I next had to deal with the witnesses to be called to give evidence on behalf of the defence. There was three-quarters of an hour left before the lunch adjournment. On the spur of the moment I decided to depart from the prepared opening statement and to give the Judge and Assessors only the most basic outline of the proposed evidence. I closed my trial notebook and spoke off the cuff.
‘The defendant will be called first,’ I said. ‘The second witness will be his wife, Magda Labuschagne. We intend calling the headmaster of the defendant’s high school. Then we intend to call two expert witnesses. First, Dr Marianne Schlebusch, a practising clinical psychologist and lecturer at the University of the Witwatersrand. Dr Schlebusch will say that, in her opinion, when he shot the seven deceased at the reservoir, the defendant’s mental processes had broken down to such an extent that he was neither aware of his actions nor in control of them.’
Wierda passed me a note, but I knew what it said and pocketed it unread. I continued without a pause.
‘Our last witness will be Professor Leonard Shapiro who teaches Psychiatry at the University of Southern California Medical School and is a forensic expert on the panel of psychiatrists of the United States District Court for the Central District of California. The burden of Professor Shapiro’s evidence will be that, after studying the case materials and the several interviews he has conducted with the defendant, he agrees with Miss Schlebusch’s opinion.’
The courtroom had become eerily quiet. We had finally disclosed our hand; in the language of bridge we had made our bid. There were a few minutes left before one o’clock. The moment had finally arrived for Leon Labuschagne to talk, to tell his story and to face the consequences.
‘M’Lord,’ I said, ‘we are ready to call the defendant, but we would ask for an indulgence, namely to adjourn for lunch at this stage.’
Judge van Zyl nodded but did not announce the adjournment.
‘There is a matter that is of some concern to me,’ he said gravely. ‘You mentioned that the defendant worked in Maximum Security Prison and that evidence will be given of his work conditions and of events which took place there, am I right?’
I confirmed that that was our intention.
He thought for a while. ‘In that case,’ he said eventually, ‘I do not want any names to be used, not of the officials or the inmates, no one at all unless it cannot be avoided.’
‘We shall oblige,’ I agreed immediately. It would give the defence greater freedom to make use of the information we had gathered.
Judge van Zyl pointed his spectacles at me. ‘And I expect you to ask me for permission before you use anyone’s name.’
I agreed again, though it was a promise that would not be easy to keep.
‘The Court adjourns until two-fifteen,’ said the Judge and we trooped out to the Square for the second time. Before I left I arranged with the cell sergeant to let us into the cells below the courtroom at half-past one to give our client his final briefing.
As we were walking to the robing room, I took Wierda’s note from my pocket. Why are you abandoning our prepared opening statement?

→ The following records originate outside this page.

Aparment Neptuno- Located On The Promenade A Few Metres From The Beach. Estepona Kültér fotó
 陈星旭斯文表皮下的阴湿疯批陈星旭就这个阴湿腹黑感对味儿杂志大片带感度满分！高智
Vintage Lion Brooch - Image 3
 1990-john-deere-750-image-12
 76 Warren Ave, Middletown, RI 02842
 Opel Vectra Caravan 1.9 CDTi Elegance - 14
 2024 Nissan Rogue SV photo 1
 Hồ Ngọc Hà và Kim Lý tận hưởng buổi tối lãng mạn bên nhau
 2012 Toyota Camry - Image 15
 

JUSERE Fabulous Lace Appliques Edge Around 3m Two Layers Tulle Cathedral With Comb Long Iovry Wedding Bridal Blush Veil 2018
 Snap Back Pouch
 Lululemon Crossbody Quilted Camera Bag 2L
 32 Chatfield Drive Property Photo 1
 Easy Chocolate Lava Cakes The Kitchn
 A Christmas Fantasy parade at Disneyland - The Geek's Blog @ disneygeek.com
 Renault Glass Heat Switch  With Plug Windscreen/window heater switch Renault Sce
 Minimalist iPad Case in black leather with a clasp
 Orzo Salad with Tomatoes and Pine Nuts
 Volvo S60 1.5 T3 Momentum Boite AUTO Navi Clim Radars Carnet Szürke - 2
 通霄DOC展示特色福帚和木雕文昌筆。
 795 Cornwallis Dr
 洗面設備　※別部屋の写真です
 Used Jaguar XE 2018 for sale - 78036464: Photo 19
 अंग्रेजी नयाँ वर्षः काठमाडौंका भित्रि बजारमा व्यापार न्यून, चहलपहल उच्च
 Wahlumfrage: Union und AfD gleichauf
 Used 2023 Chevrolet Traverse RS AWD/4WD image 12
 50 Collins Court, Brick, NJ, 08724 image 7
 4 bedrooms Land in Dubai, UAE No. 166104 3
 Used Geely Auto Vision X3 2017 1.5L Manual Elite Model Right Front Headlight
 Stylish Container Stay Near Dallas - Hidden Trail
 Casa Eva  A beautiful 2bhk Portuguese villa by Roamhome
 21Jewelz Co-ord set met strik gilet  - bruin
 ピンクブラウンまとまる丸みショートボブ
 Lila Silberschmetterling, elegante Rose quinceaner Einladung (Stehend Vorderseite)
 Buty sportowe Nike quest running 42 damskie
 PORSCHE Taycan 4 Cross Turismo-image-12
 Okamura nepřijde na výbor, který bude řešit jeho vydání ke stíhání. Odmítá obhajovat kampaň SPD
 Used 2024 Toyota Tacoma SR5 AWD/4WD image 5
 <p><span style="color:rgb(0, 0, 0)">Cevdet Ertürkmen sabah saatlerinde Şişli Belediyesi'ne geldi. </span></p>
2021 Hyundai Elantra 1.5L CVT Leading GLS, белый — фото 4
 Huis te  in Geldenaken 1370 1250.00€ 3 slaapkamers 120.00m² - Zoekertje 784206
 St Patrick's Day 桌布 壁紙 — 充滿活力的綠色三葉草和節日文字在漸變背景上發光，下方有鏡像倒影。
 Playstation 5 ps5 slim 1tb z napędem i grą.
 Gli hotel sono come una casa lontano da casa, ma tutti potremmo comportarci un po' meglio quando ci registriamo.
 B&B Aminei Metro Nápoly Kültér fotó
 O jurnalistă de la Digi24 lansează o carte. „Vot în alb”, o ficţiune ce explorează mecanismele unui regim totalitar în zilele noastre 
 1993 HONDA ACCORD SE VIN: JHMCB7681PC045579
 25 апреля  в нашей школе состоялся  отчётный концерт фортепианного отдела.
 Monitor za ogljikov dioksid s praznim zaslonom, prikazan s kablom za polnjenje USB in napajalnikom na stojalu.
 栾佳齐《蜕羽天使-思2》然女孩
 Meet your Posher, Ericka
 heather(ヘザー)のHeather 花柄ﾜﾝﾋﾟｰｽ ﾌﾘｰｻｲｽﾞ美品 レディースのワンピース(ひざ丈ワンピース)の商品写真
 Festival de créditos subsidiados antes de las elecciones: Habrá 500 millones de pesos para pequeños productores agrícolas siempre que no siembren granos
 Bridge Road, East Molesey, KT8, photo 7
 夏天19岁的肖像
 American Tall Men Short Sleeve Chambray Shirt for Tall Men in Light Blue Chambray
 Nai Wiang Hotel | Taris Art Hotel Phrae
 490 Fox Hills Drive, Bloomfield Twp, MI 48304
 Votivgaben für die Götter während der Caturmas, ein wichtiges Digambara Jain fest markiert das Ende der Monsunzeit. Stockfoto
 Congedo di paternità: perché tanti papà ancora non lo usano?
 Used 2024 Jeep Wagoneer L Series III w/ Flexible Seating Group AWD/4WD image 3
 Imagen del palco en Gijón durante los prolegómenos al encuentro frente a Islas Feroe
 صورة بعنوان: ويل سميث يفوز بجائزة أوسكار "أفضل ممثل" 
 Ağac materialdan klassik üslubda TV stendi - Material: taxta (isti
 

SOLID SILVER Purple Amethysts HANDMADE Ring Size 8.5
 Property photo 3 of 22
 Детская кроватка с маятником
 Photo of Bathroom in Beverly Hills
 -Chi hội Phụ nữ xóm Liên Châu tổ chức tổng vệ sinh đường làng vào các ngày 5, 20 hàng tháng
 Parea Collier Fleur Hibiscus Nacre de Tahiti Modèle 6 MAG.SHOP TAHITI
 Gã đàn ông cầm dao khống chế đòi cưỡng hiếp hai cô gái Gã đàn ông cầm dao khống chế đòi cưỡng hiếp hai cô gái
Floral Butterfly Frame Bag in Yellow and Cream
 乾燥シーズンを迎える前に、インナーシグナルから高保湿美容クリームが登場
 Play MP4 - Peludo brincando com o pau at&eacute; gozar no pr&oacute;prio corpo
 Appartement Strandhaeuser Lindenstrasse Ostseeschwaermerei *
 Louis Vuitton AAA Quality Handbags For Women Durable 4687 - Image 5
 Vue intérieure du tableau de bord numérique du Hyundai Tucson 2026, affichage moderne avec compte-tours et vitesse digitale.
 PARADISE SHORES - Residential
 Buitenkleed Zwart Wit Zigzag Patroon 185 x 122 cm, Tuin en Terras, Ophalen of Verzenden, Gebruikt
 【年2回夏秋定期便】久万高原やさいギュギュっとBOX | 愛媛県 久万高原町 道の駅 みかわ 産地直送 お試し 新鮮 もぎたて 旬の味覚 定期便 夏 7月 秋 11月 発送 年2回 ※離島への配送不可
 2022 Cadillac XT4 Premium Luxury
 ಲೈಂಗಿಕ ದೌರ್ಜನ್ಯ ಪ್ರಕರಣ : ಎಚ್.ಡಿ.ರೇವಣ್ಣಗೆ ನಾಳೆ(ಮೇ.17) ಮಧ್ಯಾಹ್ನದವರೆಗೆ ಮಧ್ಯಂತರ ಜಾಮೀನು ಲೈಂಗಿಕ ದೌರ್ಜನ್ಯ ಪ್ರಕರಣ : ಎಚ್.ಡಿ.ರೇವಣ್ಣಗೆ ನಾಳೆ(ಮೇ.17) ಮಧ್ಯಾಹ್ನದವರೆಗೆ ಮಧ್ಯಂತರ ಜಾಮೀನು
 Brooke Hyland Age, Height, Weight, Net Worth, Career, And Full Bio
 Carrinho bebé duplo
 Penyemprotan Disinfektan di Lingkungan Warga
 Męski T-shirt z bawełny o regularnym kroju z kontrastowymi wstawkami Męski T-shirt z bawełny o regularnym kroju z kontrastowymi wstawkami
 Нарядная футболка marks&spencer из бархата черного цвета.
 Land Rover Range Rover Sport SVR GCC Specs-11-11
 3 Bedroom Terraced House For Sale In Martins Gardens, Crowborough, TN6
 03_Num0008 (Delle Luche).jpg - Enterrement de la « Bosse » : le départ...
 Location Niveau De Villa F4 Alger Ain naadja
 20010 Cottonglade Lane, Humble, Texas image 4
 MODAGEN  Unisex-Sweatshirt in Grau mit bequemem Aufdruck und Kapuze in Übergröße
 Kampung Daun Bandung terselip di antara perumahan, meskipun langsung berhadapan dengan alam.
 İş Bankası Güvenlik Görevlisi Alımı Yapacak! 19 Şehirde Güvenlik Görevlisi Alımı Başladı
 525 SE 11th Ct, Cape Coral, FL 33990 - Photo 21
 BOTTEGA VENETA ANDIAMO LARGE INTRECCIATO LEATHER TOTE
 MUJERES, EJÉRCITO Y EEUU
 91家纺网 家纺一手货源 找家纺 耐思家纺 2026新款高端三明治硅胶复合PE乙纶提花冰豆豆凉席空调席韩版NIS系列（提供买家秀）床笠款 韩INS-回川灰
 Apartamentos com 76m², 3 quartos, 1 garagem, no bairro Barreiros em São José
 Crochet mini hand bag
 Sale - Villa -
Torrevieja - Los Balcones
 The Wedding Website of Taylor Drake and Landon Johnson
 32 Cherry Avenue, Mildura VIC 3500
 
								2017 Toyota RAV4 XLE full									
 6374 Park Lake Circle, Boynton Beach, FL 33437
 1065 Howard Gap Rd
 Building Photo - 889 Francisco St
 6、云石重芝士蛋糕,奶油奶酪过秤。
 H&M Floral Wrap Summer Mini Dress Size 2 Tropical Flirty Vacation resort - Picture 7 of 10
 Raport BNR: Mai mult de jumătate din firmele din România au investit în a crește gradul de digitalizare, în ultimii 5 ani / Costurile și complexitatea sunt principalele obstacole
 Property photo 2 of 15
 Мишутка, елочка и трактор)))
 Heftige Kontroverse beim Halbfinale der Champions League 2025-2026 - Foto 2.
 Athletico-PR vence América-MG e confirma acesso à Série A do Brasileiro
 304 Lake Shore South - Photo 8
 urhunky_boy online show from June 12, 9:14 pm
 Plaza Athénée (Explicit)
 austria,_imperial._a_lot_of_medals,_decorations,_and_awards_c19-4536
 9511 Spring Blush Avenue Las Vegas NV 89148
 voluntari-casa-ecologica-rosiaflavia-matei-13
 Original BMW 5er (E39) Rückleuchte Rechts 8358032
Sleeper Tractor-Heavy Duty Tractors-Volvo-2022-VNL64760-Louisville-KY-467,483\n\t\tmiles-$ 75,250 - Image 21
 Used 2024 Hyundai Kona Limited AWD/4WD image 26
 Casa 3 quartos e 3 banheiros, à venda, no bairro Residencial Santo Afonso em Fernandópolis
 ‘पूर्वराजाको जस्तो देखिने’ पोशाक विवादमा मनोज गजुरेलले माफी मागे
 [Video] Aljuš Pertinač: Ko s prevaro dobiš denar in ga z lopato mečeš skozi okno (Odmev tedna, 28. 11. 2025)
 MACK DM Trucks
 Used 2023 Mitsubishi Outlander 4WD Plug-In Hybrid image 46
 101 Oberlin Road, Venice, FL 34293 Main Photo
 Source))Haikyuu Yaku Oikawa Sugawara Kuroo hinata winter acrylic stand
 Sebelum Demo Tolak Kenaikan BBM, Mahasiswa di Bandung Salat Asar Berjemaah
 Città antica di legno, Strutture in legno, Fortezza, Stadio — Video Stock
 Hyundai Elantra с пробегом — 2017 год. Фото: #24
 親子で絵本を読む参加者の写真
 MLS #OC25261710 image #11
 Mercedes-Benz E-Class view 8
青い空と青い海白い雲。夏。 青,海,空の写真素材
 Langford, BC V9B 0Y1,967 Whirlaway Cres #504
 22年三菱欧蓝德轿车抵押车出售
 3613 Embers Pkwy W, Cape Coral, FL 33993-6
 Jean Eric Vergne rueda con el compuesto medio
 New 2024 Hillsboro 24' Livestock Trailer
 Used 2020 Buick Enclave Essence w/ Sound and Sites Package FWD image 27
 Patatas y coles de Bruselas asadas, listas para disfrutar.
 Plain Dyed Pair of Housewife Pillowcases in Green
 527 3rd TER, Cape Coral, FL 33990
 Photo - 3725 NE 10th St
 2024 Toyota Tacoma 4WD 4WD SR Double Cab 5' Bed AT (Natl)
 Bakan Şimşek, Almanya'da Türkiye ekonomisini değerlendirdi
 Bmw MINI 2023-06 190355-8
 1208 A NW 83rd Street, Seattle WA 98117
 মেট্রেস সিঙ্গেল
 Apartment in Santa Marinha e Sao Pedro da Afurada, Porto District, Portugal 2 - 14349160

‘A change of tactics,’ I said. ‘I thought it would be better to leave the explanations for the closing argument.’
Wierda was not convinced. He shook his head in displeasure at my changing course without consulting him. We had spent many hours in his chambers crafting together what we thought was a perfect opening statement, one with a solid mix of logic and emotion, balancing law and fact, evidence and inference, a teasing statement that left the details for later. It was the detail that worried me. Would our witnesses produce the goods?
Roshnee showed no interest in the discussion and, as was her habit, stuck to more practical things. ‘Let’s get something to eat quickly, we don’t have much time.’
We departed promptly and ate our sandwiches in the shade provided by a tree a few yards away from Oom Paul’s statue. I took the opportunity to brief Wierda and Roshnee on the second case I had summarised.